Semi-Clarification (It's still a fuzzy idea):
When we're working with binary states entropy isn't a 1 or a 0. Its definition is instead related to the amount of information we can hold versus how much we're actually holding. Same is true for a ternary state. The catch here is that we only have access and effects from two states. We basically have 1 and +0 and -0. With no way to tell if a zero is negative or not. We've altered entropy's definition here. Since no information actually ever becomes entropy in actuality. It appears as if its entropy whenever there's a 0. That's because each "bit" doesn't store 2 pieces of information, it stores 3. But we can only access the 1 and 0 difference so we can only read 2 pieces of information. We "lose" 1 piece whenever it goes to 0. The definition of entropy here has shifted towards defining any 0 as a piece of entropy. This model assumes information is never created or destroyed. Just rearranged, hidden, and unhidden.
How about the standard illustration about 2 gasses in a container that mix after a partition is removed? How is it made of 0,.5,1 values, and how does adding 0.5 make the gas mix or unmix?

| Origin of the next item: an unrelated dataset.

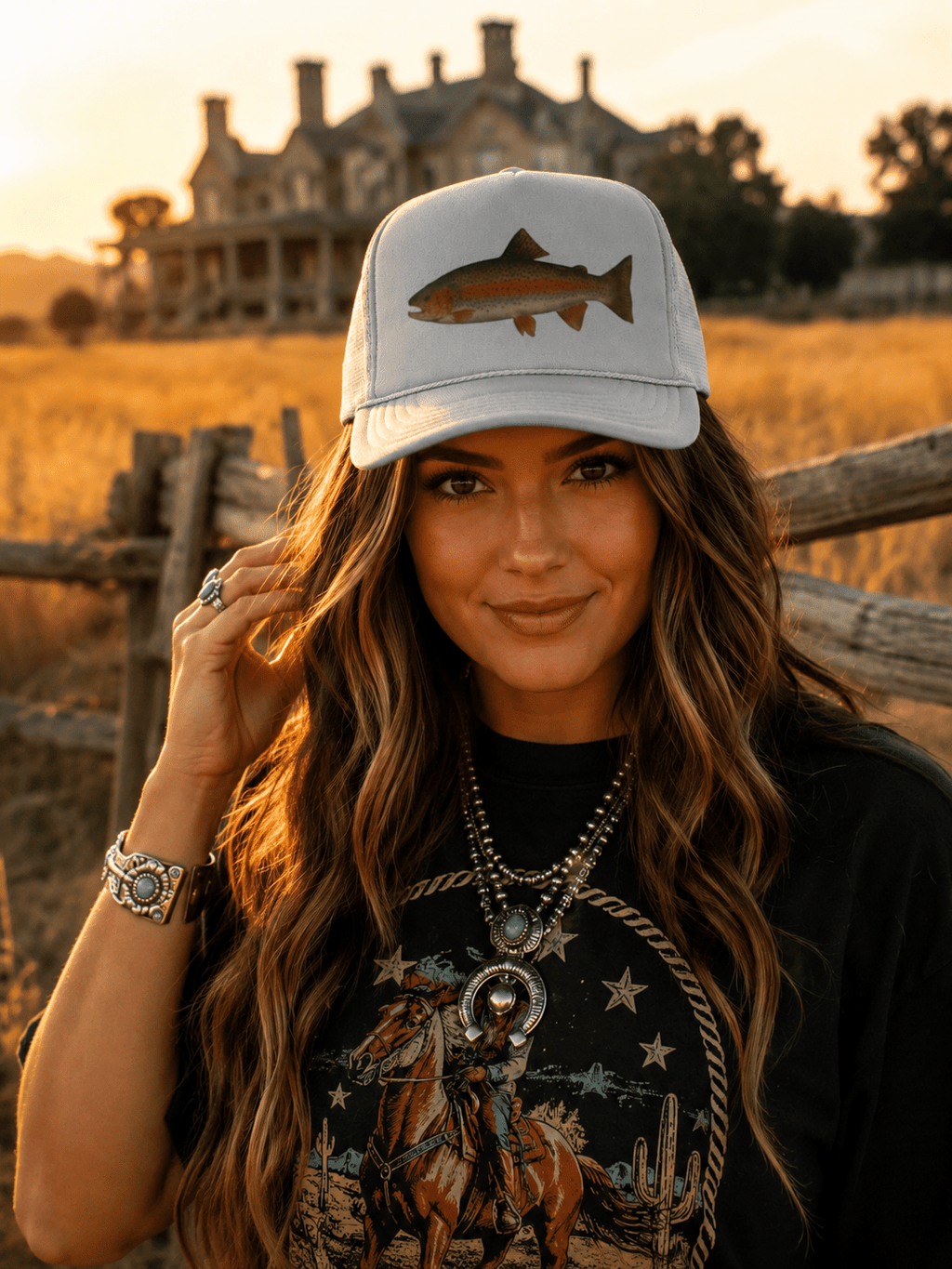 Rainbow Trout Trucker Hat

I'm going to move to a lattice model of the universe with information describing the system. Let's assume momentum as a primary quantity. Vector is in a 1, +0 representation. Move it into a +0,-0 representation (add entropy). You've killed momentum but saved state. Manipulate as needed. In the example we need an incoming momentum of (0.5,0.5,0.5) (which is physically none) to reverse our process. That momentum is the same physically as (0,0,0) but informationally is different. Can we add that from nowhere? Physically that's creating energy and reducing entropy from adding two pieces of entropy. If that's not acceptable you'd need to set it up so that when the area outside of our manipulation adds in its quantities we have a vector set up so that the result is our inverted vector which also adds in the possibility of nearby magic messing with us.
Example: (1,0.5,1) -> (0.5,0,0.5) -> (0,0.5,0) + (0.5,0.5,0.5) = (0.5,1,0.5)
The example "inverts" the vector after moving it into "entropy land". You could also just subtract (0.5,0,0.5) twice. When added momentum influences that region it will be in the form of 1 and +0 (remember +0 is code for 0.5).
Note that our "vector" isn't truly "inverted" momentum-wise, we have no negative quantities as described. The above is also a toy thought experiment because I'm not sure what happens when a "1.5" would appear (It can't happen because the ternary system doesn't allow it. A 1.5 is really 0 with overflow of 0.5. Does that excess disappear, propagate to the next cell, is it disallowed from happening, or do something else?)
That's why this answer was meant to be a comment. The system needs to fleshed out and can be tackled in many different ways, all with unique methods of manipulation to cause certain effects. You also need to state what your primary quanta are and describe them. If its a simulation on a machine that's fairly easy. Just take your bits of RAM and make them tri-state. Your program becomes the description.